Une consommation dominée par les transports

Les mauvaises habitudes sont revenues. Pas partout. En dix ans, la consommation en Allemagne et en France a baissé respectivement de 17% et de 3,5%. Une chute certainement liée à la désindustrialisation relative des économies. En revanche, sur la même période, la demande aux Etats-Unis a progressé de près de 10%, frisant la barre désormais des 1.000 millions de tonnes consommées par an.

Les délocalisations de plus en plus lointaines, l'organisation de nos productions, les choix urbanistiques, les modes de vie ont amené une concentration de la consommation sur les transports. Pour plus de 60%, la consommation pétrolière de l'OCDE est liée à cet usage. Un chiffre inquiétant. Selon les économistes, il n'y a pas une élasticité aux prix très grande dans les transports. Beaucoup de dépenses y sont contraintes. Il faut beaucoup de temps pour changer les usages et même les équipements. Le renouvellement complet d'un parc automobile, par exemple, demande quinze ans.

Le choc que connaît le monde du transport n'est donc pas près de s'estomper. Tant la vitesse de l'augmentation des prix du pétrole que son niveau actuel déstabilisent des pans entiers de l'économie. Les transporteurs, les compagnies aériennes sont déjà en très grande difficulté. Cela commence déjà à avoir des répercussions sur la production automobile et le monde de l'aéronautique, qui font le socle industriel des économies occidentales.

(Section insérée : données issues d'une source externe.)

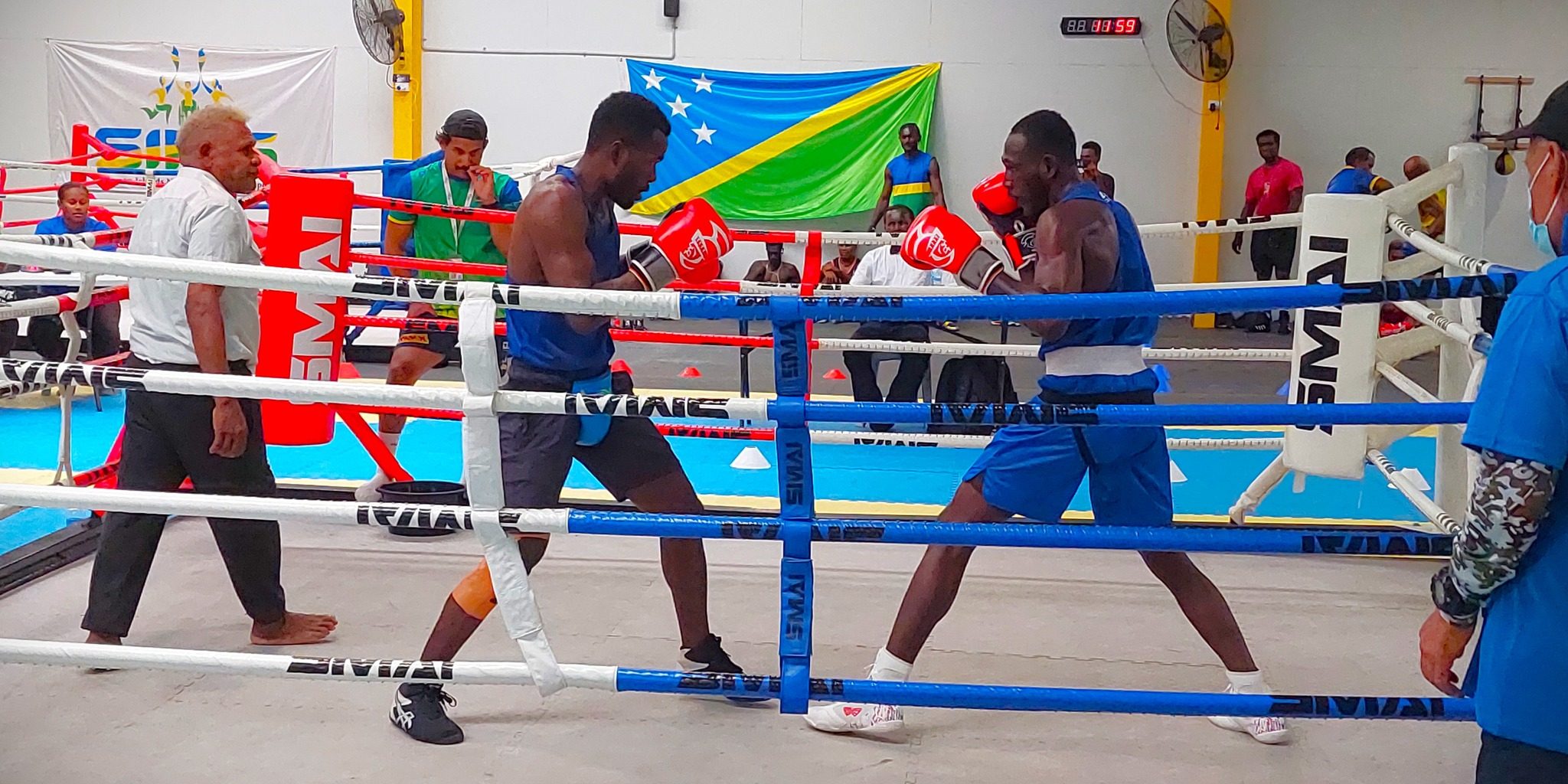 Team boxing unveils final PG2023 squad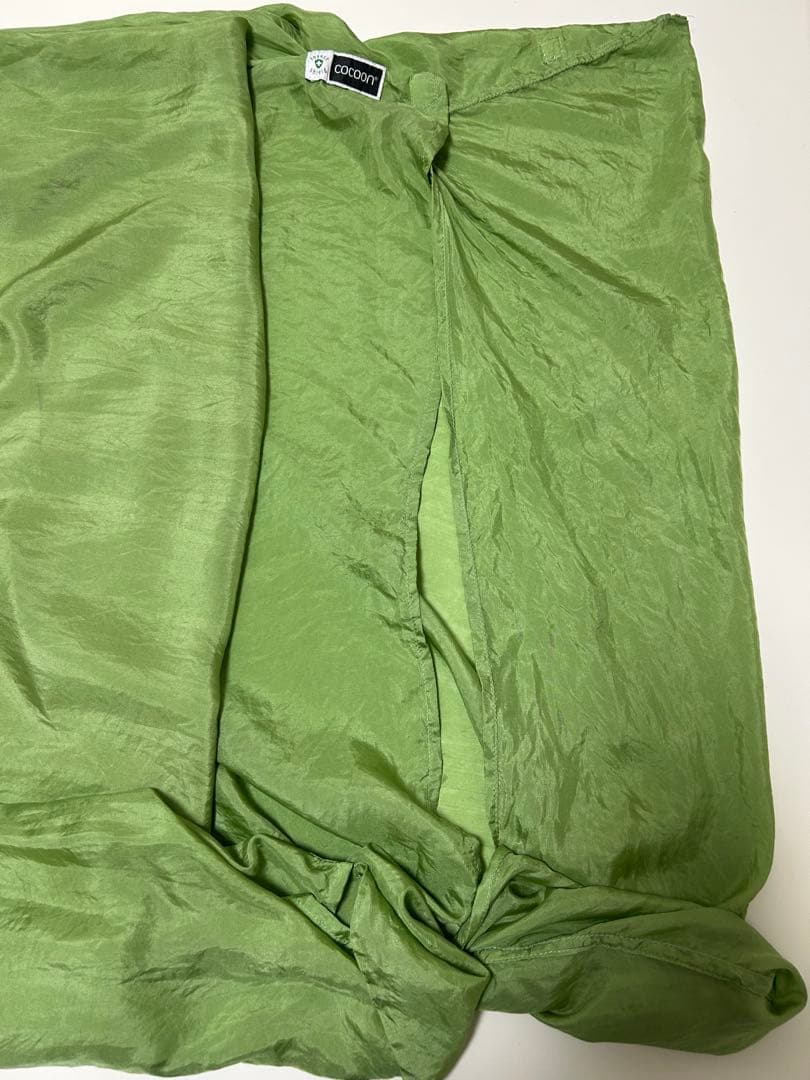 COCOON Travel Sheet 100%シルク Insect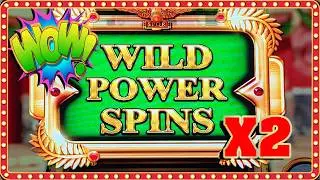 I Hit the ULTRA RARE Wild Power Spins Bonus on x2! 🤯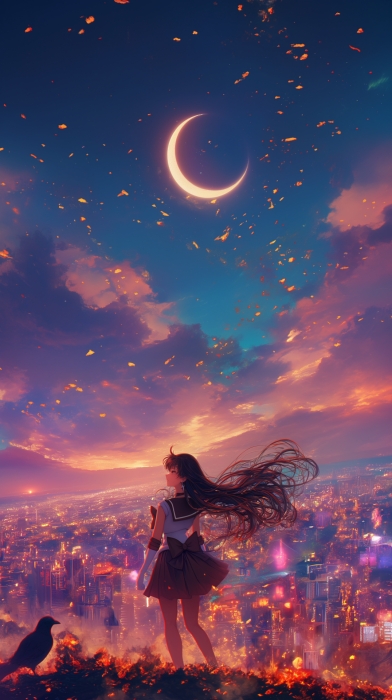 Anime Scene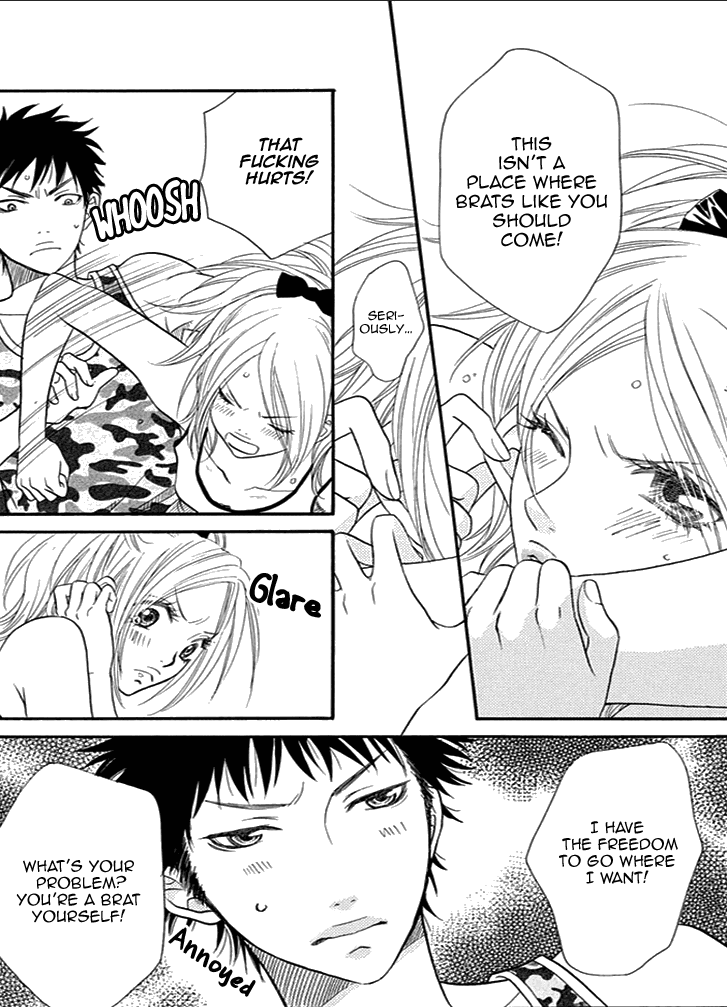Biyaku Cafe Chapter 17 page 12 - Chapter 17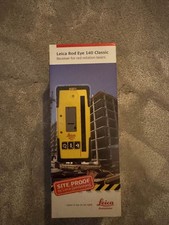 Leica Rod Eye 140 Digital Laser Receiver Brand New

De simples mesures d'économies d'énergie, des améliorations techniques notamment dans la motorisation des voitures, même si elles sont nécessaires, risquent de ne pas être à la hauteur du défi économique qui est posé au monde. Il faudra peut-être se demander, alors que le pétrole devient une ressource rare, si les pays en font le meilleur usage. « Quand je vois tout le potentiel qui existe dans une molécule de pétrole, je me dis qu'il est dommage de seulement s'en servir pour le brûler », regrettait Pierre-Gilles de Gennes, prix Nobel de physique.